This is one of my favorite songs by Rodney, and probably the first one I really saw myself in. Even though I do live in the country, it’s a quite frequent occurance to look out the kitchen window or off the front porch and see how much “more” there is to life than what I’ve already got. In that moment I’ve felt myself longing for this or that, only to come back to reality a while later and realize “that’s not me.” In a way, that was very disappointing. You see someone who’s “got it together,” maybe in their little farm on 5 acres, or even beyond the realm of stuff to the man and wife sitting on the front porch, relaxing, just enjoying life. And I wonder, “can I have that?” I think that’s what this song is all about. Coming to that realization that while there are an infinite number of other lives out there for us to idolize or wish we had, there is only one that we do have, and that’s our own. The question is, what will we do with it? Will we “make the most of it,” but still always be comparing our life to that of someone else, or will we take that image of the “ideal life,” boil it down to the values it really means to us and what draws us to it, and then see where that fits into the life we’ve been given.

I woke up the same way this morning
like a stranger in my own life
tired and confused with too much to do
nothing left for my kids and my wife
oh I clung to that first cup of coffee
praying god, won’t you show me what’s real
then out in the distance I saw through the window
a man on a tractor with a dog in a field

How many mornings have I woken up to this feeling? Like I know, without a shadow of a doubt, that I’m lost. Not like lost for eternity, but just plain old lost… don’t know where I am, where I’m going, where I should be, or how to get to any of those places. You sit there at the kitchen table, coffee in hand, looking through the steam at the imaginary world that “could be mine.” And then you see it. In your minds eye, a vision comes to mind. A farm on 40 acres. A career that lets me take a month off every year. A family full of happiness and smiles. And you want it. You wonder what it would take to get “that” for your life.

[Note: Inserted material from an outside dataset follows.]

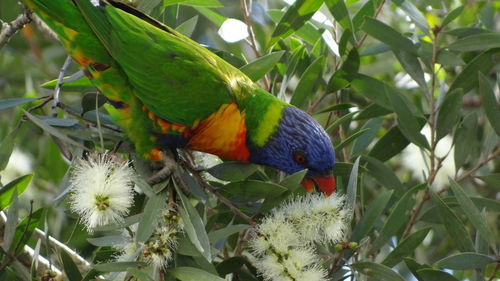 View of parrot perching on tree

the dog walked just like it was smiling
the man drove like the world was all right
the tractor hummed on like a part of a song
that you sing to your children at night
his work was laid out there before him
in rows of green, his whole life was revealed
oh what I wouldn’t give if I could just live
like a man on a tractor with a dog in a field

Peace. Joy. The good life. Clear direction. A friend you can count on. “What I wouldn’t give for that,” I think. How much of the life I’m living now would I sell just for that life. The life that may not have all the stuff, but at least it has peace. At least it has clarity.

let me do what I’m doing
let me be where I am
let me find peace of mind
on my own piece of land
when I’m lost, help me to let go
and find someway to feel
like a man on a tractor with a dog in a field

The chorus in thing song says it all… I see all that’s out there, I dream “bigger” than will fit into my life, but I have to find some sort of compromise, don’t I? I’ve got to be satisfied, don’t I? If i can’t have “that,” I can still “make do” with what I do have, right? I’ve got a good family… a nice home… a home for eternity… but is that really enough? Am I really satisfied to the point that I don’t sense that longing for the life of a rocking chair on the porch, or strumming a guitar into the night, of spending all day plowing a field, planting seeds, and then spending the next several months watching what I’ve planted come to life?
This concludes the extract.